◆ **Task directions**:
Identify and pull out each line of the entries in which "Yellow" occurs.

---------- Records shown

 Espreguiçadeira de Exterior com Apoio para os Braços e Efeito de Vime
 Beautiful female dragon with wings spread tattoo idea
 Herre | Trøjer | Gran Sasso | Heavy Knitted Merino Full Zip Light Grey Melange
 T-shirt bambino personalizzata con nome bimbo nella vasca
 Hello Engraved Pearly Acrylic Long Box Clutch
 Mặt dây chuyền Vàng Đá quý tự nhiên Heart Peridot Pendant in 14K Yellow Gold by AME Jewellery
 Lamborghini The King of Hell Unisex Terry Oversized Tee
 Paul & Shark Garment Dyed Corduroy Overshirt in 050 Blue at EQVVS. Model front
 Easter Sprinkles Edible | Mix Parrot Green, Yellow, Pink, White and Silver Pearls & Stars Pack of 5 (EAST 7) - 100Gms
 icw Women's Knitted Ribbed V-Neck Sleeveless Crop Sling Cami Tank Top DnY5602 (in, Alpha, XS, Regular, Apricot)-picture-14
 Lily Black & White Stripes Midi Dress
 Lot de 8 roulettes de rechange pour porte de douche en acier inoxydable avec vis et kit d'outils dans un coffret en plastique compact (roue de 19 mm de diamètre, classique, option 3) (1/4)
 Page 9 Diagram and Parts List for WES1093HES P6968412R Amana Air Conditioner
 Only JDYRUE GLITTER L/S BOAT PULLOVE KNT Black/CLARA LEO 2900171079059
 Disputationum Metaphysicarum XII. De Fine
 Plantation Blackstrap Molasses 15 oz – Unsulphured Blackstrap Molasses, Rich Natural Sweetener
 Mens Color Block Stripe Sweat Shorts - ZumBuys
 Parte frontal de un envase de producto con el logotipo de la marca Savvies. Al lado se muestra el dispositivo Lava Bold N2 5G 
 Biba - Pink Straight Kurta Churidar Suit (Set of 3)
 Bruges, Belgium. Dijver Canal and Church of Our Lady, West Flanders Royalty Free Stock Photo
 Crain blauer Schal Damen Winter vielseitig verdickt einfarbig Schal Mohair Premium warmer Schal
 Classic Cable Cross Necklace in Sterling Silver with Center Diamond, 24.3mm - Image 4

--------------------

◆ **Output of the exercise**:
 Mặt dây chuyền Vàng Đá quý tự nhiên Heart Peridot Pendant in 14K Yellow Gold by AME Jewellery
 Easter Sprinkles Edible | Mix Parrot Green, Yellow, Pink, White and Silver Pearls & Stars Pack of 5 (EAST 7) - 100Gms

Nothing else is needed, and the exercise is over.